**Goal of the exercise:**
Output the number of lines in the entries below with the string "Display" in them, and nothing further.

**Supplied entries:**
▬▬▬▬▬▬
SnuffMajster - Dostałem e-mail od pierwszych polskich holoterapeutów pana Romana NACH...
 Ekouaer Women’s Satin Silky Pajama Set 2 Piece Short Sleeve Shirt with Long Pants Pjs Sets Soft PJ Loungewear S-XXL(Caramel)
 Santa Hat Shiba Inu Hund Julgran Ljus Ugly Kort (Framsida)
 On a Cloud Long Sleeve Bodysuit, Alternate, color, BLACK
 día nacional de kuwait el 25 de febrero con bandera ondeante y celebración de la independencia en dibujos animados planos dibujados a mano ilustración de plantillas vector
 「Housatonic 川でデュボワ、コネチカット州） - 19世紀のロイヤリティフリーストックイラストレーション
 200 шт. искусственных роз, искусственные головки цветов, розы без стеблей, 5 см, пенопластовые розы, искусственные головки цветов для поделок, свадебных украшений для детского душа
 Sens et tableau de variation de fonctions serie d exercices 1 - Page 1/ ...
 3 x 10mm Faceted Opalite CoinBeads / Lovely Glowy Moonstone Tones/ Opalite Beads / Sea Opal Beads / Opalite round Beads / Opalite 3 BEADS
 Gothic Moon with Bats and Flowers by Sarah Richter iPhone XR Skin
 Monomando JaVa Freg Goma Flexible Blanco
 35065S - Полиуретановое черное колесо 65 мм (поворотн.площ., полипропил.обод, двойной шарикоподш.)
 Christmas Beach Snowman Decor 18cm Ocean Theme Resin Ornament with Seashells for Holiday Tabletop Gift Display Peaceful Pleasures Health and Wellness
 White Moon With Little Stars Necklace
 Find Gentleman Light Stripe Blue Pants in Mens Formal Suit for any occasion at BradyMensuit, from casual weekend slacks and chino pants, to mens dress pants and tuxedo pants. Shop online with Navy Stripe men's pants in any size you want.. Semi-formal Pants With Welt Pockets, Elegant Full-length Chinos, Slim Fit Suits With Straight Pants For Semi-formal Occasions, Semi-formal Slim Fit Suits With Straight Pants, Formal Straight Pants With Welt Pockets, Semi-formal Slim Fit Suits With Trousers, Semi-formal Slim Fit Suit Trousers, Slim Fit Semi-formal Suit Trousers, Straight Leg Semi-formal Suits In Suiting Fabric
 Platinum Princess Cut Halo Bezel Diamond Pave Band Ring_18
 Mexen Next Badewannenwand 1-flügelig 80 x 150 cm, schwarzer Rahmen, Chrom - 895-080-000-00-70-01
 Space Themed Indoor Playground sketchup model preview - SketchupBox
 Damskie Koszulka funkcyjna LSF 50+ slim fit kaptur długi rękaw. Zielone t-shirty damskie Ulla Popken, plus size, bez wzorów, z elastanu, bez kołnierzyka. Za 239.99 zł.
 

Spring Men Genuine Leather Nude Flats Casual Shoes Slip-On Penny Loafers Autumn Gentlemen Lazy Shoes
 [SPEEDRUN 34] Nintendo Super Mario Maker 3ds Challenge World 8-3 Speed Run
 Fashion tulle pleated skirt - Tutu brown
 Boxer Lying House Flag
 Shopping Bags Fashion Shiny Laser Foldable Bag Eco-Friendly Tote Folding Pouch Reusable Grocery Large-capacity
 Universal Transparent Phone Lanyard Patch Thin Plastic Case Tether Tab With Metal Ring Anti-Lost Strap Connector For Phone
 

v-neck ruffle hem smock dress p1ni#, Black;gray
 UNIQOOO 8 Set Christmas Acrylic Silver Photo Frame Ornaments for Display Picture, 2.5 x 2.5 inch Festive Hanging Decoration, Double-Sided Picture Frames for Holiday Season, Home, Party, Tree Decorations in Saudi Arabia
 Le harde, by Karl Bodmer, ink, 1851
▬▬▬▬▬▬
**Solution for this exercise:**
2